### [What to produce]
Please copy the lines below exactly, from the first one through the line showing "Wholesale Dried Black".

(Excerpts from a dataset)
+-------+

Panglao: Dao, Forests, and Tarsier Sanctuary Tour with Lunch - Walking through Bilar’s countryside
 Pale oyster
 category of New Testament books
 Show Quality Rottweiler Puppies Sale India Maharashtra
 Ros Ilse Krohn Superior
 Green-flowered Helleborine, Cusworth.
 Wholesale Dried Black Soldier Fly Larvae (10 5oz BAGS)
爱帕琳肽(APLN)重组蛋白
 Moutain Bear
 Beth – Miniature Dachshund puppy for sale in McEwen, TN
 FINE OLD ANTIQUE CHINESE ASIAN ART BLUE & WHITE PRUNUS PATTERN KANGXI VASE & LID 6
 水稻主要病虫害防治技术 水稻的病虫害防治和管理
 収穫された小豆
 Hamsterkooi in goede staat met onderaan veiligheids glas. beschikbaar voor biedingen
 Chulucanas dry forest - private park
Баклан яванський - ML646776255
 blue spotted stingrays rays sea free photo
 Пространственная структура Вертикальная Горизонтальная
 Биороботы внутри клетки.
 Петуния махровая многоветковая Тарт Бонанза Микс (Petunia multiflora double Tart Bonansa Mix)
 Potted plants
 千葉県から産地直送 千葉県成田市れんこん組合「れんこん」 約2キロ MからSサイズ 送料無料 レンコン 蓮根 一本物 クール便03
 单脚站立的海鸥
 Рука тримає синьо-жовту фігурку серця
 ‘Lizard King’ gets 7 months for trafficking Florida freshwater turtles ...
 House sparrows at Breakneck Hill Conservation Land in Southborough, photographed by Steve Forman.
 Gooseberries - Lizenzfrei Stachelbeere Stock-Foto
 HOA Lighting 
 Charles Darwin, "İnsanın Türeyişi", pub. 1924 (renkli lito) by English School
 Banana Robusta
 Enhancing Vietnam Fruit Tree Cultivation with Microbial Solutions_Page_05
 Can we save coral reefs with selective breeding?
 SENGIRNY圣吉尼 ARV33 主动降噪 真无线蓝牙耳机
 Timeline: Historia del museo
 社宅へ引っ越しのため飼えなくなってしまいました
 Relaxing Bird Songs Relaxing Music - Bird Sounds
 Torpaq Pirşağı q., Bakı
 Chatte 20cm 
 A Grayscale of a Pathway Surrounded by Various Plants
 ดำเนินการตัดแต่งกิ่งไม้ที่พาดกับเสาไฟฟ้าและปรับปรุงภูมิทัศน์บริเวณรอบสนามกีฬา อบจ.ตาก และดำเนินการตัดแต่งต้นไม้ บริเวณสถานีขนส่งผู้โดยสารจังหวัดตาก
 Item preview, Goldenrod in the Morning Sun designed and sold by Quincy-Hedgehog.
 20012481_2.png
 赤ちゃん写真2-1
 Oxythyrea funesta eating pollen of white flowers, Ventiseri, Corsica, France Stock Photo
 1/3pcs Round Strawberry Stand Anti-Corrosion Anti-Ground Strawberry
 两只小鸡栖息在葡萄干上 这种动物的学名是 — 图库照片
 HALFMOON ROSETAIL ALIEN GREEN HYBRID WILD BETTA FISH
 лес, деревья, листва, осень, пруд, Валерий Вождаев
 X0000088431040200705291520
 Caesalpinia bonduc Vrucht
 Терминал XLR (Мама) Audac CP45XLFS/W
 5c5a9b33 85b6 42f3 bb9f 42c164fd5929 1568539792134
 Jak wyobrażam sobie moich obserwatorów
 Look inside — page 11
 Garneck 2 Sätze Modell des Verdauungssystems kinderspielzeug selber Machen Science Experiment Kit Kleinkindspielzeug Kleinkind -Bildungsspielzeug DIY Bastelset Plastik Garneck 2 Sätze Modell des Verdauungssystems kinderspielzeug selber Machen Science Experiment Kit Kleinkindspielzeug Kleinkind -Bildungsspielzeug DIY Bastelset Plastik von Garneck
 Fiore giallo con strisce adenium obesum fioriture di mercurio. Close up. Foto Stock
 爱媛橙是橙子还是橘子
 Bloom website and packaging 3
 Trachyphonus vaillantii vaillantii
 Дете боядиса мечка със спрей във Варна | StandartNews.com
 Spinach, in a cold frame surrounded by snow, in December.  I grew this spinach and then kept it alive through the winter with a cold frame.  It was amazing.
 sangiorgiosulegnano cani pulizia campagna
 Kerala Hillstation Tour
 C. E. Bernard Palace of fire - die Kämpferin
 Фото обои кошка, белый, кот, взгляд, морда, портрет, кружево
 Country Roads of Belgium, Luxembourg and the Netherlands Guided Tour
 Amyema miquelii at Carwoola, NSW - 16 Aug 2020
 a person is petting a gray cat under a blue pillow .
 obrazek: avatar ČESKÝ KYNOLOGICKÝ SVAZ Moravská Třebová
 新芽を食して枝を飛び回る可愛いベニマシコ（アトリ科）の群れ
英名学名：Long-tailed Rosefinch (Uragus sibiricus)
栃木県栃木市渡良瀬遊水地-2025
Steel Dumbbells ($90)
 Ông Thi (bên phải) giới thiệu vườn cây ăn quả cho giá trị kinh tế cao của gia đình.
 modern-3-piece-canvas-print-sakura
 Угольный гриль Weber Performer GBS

+-------+

### [Task output]
Panglao: Dao, Forests, and Tarsier Sanctuary Tour with Lunch - Walking through Bilar’s countryside
 Pale oyster
 category of New Testament books
 Show Quality Rottweiler Puppies Sale India Maharashtra
 Ros Ilse Krohn Superior
 Green-flowered Helleborine, Cusworth.
 Wholesale Dried Black Soldier Fly Larvae (10 5oz BAGS)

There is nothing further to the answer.